THE RECORDS:
------------------------------

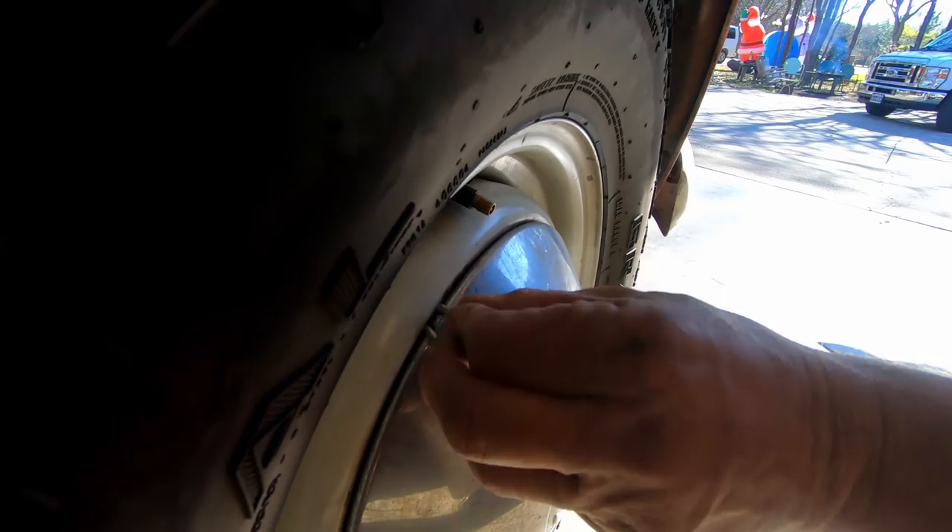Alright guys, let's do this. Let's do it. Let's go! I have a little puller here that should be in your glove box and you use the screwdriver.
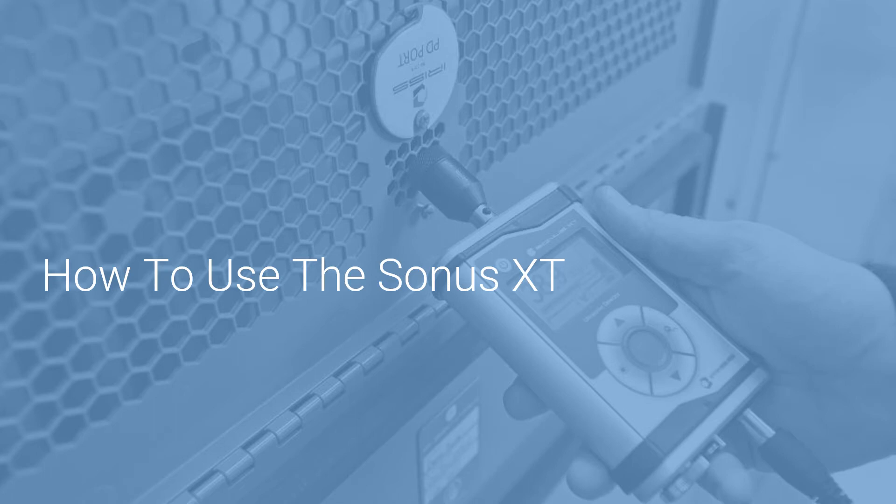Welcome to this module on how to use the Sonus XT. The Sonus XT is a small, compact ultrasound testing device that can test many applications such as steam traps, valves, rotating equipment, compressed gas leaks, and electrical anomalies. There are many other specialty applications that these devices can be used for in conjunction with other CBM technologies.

------------------------------

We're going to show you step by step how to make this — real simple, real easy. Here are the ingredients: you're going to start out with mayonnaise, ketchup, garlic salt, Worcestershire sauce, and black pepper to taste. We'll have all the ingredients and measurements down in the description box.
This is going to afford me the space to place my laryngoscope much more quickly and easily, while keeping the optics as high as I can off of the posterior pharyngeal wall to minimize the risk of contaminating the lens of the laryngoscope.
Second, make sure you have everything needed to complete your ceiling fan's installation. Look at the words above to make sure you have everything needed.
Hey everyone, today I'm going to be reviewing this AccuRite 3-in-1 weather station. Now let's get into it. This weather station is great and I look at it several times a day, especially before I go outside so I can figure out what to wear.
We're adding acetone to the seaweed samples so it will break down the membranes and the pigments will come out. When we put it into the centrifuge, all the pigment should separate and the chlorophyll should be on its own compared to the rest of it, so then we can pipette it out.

------------------------------

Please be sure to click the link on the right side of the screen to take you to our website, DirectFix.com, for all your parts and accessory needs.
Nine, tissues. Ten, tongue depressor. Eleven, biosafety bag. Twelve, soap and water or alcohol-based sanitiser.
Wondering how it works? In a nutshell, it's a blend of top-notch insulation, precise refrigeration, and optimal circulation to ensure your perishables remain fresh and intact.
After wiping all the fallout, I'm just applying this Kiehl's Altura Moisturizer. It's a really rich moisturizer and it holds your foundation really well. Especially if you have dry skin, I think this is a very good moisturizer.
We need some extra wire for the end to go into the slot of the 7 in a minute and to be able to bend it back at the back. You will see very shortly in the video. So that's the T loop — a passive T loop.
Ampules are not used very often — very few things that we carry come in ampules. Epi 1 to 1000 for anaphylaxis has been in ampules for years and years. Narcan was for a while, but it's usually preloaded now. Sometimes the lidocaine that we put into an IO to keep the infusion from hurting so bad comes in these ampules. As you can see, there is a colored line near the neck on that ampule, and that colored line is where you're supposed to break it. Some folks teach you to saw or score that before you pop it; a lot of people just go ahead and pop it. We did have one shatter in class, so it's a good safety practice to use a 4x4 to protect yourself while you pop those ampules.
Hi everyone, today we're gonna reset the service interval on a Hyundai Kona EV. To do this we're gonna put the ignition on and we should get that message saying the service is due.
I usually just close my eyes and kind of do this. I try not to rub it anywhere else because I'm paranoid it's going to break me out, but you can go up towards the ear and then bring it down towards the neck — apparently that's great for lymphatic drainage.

------------------------------

ASSIGNMENT:
Print nothing except the lines above from the one containing "Alright guys, let's" down to the one containing "Welcome to this", both included, exactly as written and free of pictures.

ANSWER SECTION:
Alright guys, let's do this. Let's do it. Let's go! I have a little puller here that should be in your glove box and you use the screwdriver.
Welcome to this module on how to use the Sonus XT. The Sonus XT is a small, compact ultrasound testing device that can test many applications such as steam traps, valves, rotating equipment, compressed gas leaks, and electrical anomalies. There are many other specialty applications that these devices can be used for in conjunction with other CBM technologies.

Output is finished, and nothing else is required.